What is Phase 4 during HR regulation in SA Node?

Answer 5

ONENOTE!!

Spontaneous depolarisation (pacemaker potential) that triggers the AP

Question 6

SN and PSN effect on HR?

Answer 6

SN
• INCREASES cAMP
SO
• INCREASES If & Ica

PSN
• DECREASES cAMP
SO
• INCREASES Ik

Question 7

How is contractility regulated?

Answer 7

B1-receptor stimulation activates AC which creates cAMP which activates PKA - 2 main actions:
• phosphorylates proteins in the myofibril
• induces CICR in the SR (via stimulating Ca2+ influx into SR via. RyR)

Question 8

Where does the majority of Ca2+ come from in the cardiac muscle?

Answer 8

75% - from CICR (aka SR)

25% - from the outside

Question 9

How is Ca2+ then removed for contractility regulation?

Answer 9

Either
• pumped back into the SR (via. ATPase Ca2+ channel)
• removed via.
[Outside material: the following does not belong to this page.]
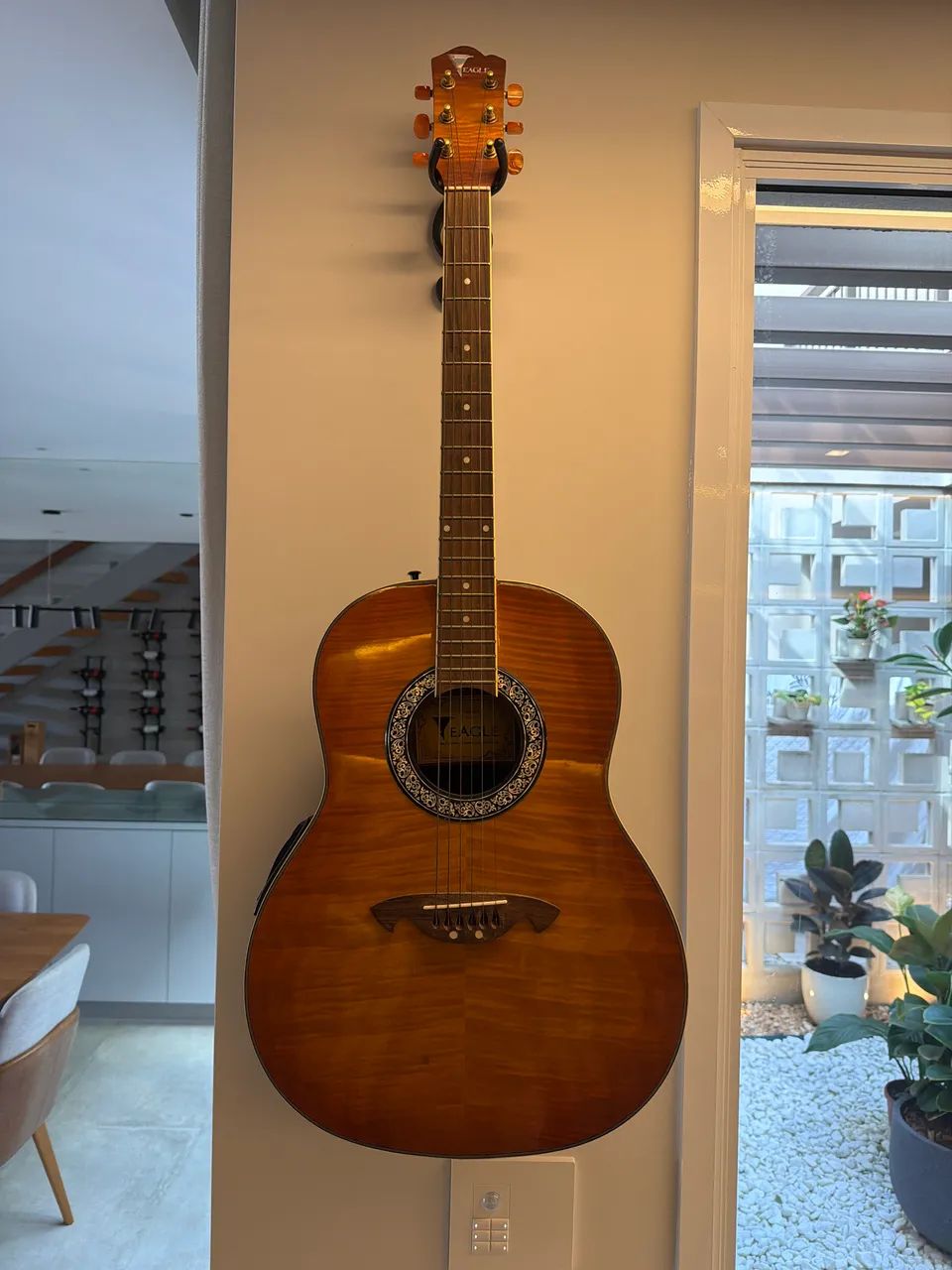 Violão eletroacústico EAGLE Fibra amadeirado 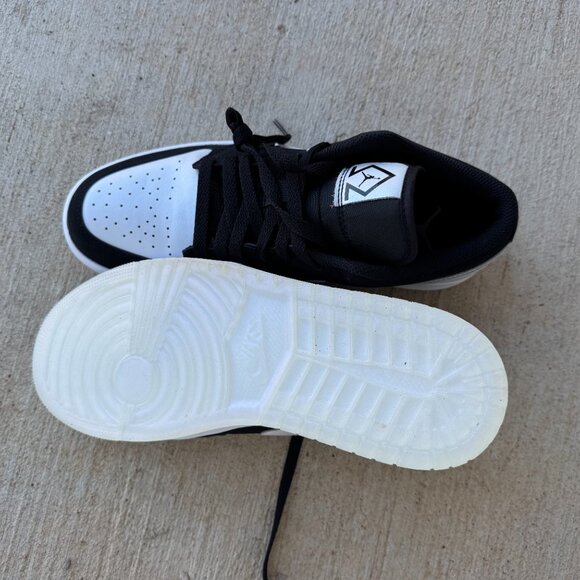 Air Jordan 1 Low SE - Picture 9 of 9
Na/Ca exchanger (w. the help of Na/K ATPase)

Question 10

What influences myocardial oxygen supply?

Answer 10

PRIMARILY
• coronary blood flow
(pathologically more important)

AND also
• arterial O2 supply

Question 11

What regulates myocardial oxygen demand?

Answer 11

Myocyte contraction - primary determinant

• increased HR = increased contractions
• increased afterload = increased force of contraction
• increased preload = small increase in force of contractions

Question 12

Drugs influencing HR?

Answer 12

• BETA-BLOCKERS (predominantly B1)
- decrease If & Ica

• CA2+ ANTAGONISTS
- decrease Ica

• IVABRADINE

• decrease If
• less pronounced as Ca2+ is the main driver

Question 13

Drugs influencing contractility?

Answer 13

• BETA-BLOCKERS

• decreases contractility
• reduces phosphorylation & cross-bridge formation

• CALCIUM ANTAGONISTS

• decreases Ica
• stops further entry of Ca2+ into myofibrils

Question 14

What are the two classes of calcium antagonists?

Answer 14

RATE SLOWING
• CARDIAC & VSM action
• Phenylakylamines - e.g. Verapamil
• Benzothiazepines e.g Diltiazem

NON-RATE SLOWING
• VSM action - more potent!
• Dihtdropyridines e.g. amlodipine

Question 15

What can occur with non-rate slowing calcium antagonists?

Answer 15

Have NO effect on the heart (just VSM)
BUT
the profound vasoDILATION produced can lead to REFLEX TACHYCARDIA

Question 16

Drugs influencing myocardial O2 supply/demand?

Answer 16

• ORGANIC NITRATES

• DIRECTLY supply NO
• increases cGMP = stimulates K+ channel opening = relaxation
• can stimulate K+ channel directly as well!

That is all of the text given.